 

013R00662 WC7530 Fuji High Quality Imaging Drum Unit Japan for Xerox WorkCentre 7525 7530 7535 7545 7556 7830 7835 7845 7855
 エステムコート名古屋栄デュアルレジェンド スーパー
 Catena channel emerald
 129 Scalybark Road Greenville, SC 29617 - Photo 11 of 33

* * *

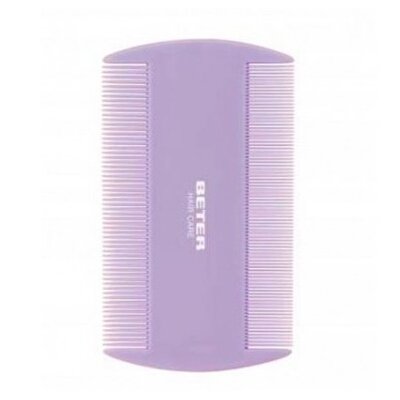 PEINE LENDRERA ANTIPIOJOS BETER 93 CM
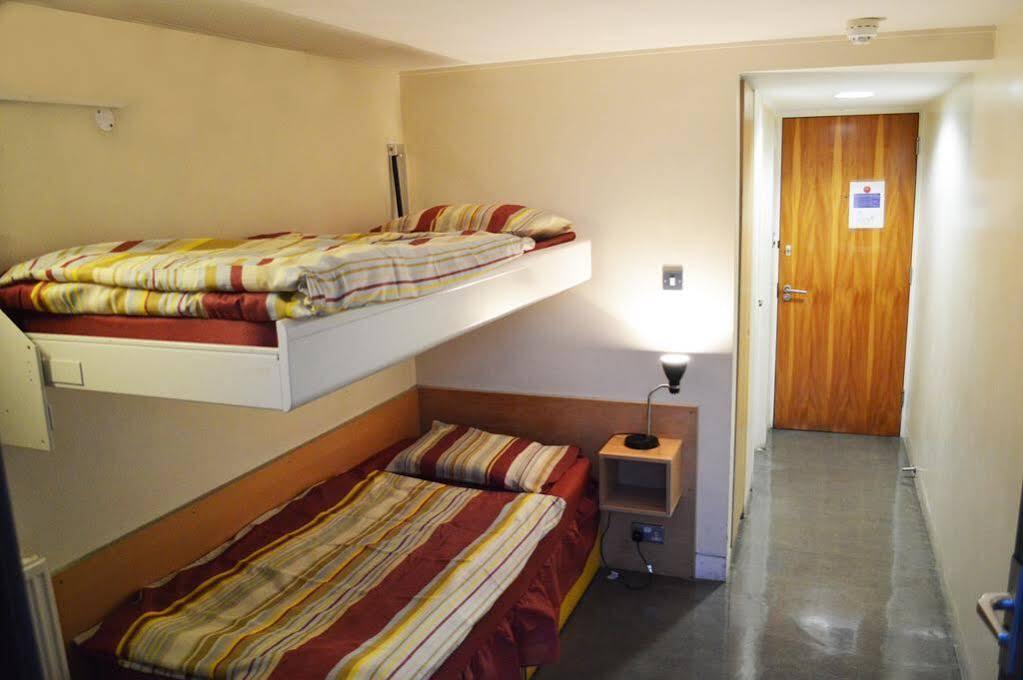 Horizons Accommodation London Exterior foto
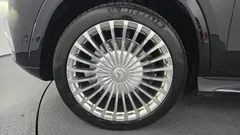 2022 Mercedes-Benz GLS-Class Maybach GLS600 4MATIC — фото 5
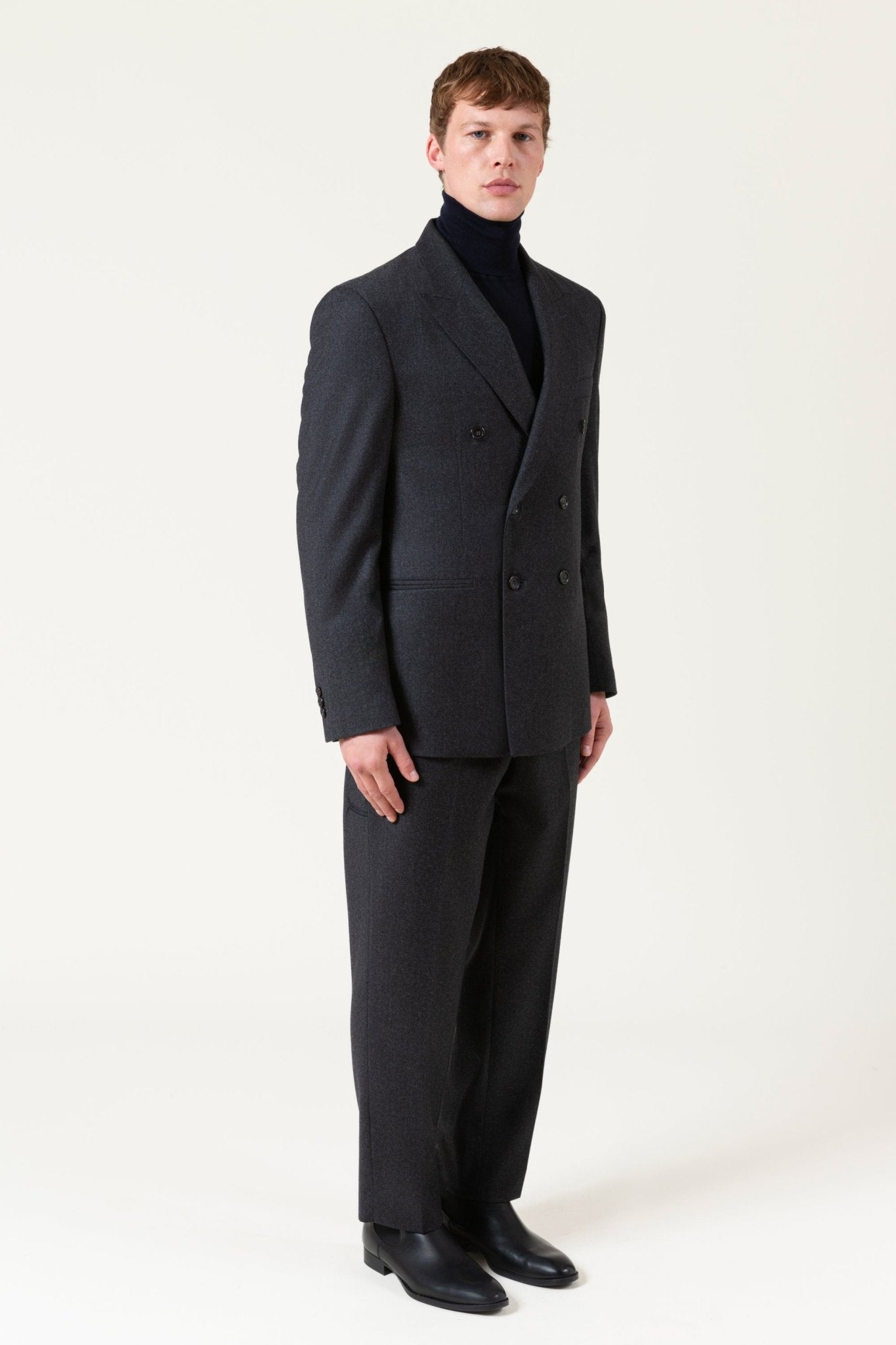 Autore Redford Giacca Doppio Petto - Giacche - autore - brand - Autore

==

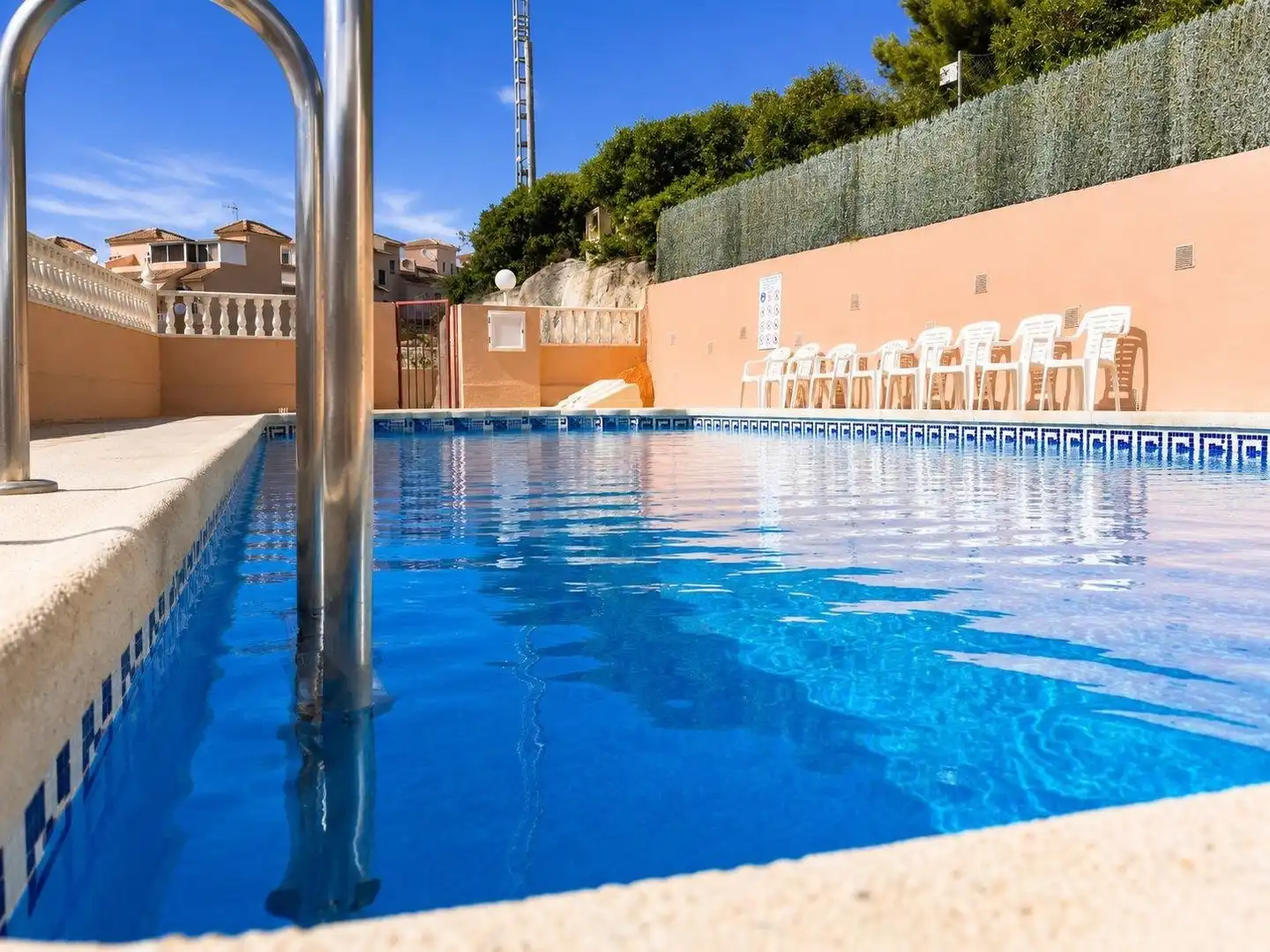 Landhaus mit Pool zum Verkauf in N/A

* _Task statement_:
Restate word for word every line from the one with "PEINE LENDRERA ANTIPIOJOS BETER 93 CM" up to and including the one with "Autore Redford Giacca" in the records above, minus the pictures.

* _Result of the task_:
 PEINE LENDRERA ANTIPIOJOS BETER 93 CM
 Horizons Accommodation London Exterior foto
 2022 Mercedes-Benz GLS-Class Maybach GLS600 4MATIC — фото 5
 Autore Redford Giacca Doppio Petto - Giacche - autore - brand - Autore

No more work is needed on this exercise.